BEGIN Exercise data
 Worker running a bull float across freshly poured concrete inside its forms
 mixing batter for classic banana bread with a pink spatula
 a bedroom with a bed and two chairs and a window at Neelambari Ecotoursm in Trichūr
END Exercise data
Your task:
Every line of the listing that includes the word "with" belongs in the answer.

Written solution:
 mixing batter for classic banana bread with a pink spatula
 a bedroom with a bed and two chairs and a window at Neelambari Ecotoursm in Trichūr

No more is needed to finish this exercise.